Having returned for a while to our re-imagined Shadowrun campaign (using HERO System for the rules), I decided to tackle what I considered on of the Shadowrun problem areas. Yes Riggers.

They do sort of make sense given the background fluff, if you're in a world with full VR immersion- why not remotely operate your vehicles, drones, and even anthroforms? Low risk, and even low cost in many cases. They are a perfect supplement to a team or even a full on replacement.

Yes, they can be jammed, but Shadowrunners are geared up to win on the electronic battlefield which they'll commonly do, just like they commonly succeed in hacking attempts. To say otherwise is effectively the same as removing them from the game.

Another problem also rears it's ugly head. Remember those great car chases in Fifth Element, Total Recall, or just about any near future action film? The hero in those movies would so totally be screwed by a rigger operator of the chase cars. An huge chunk of the genre is removed, and frankly I like the scene of a driver fighting the steering controls as he makes a hairpin turn- and don't like the comatose dude who's from appearances is sleeping through the same.

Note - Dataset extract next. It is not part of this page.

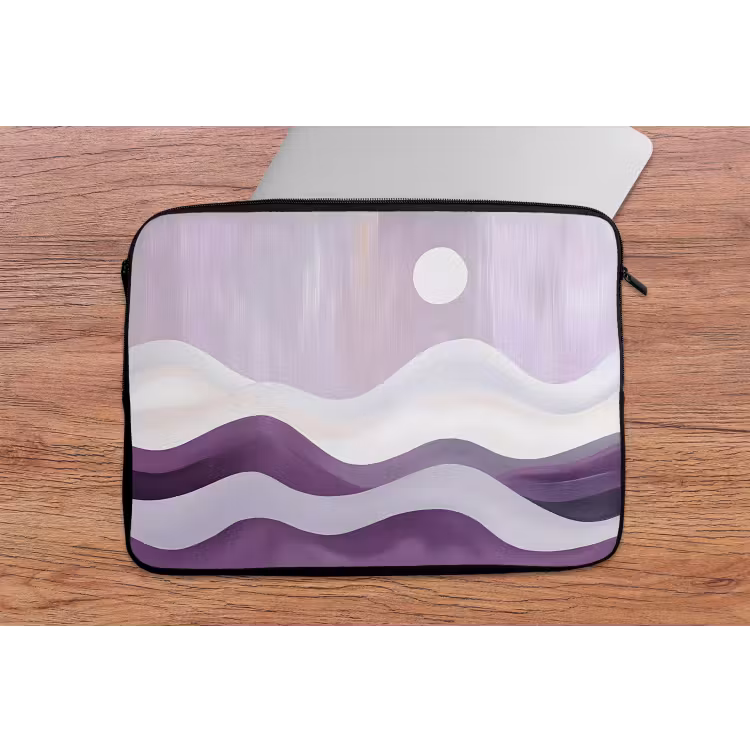 Laptophoes - Golven - Heuvels - Abstract - Paars — 2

So I basically gave them the boot. Haven't even tried to come up with an explanation for it either. Bruce Willis didn't stop and explain why he was physically driving his cab. I'm not going to waste the time doing it either.


I left drones in, but they function at low DEX and SPD (in HERO terms) making them most useful in the distant observer role, and other supplemental areas. By themselves, they're easy targets once noticed.

How have you approached this in your cyberpunk campaigns?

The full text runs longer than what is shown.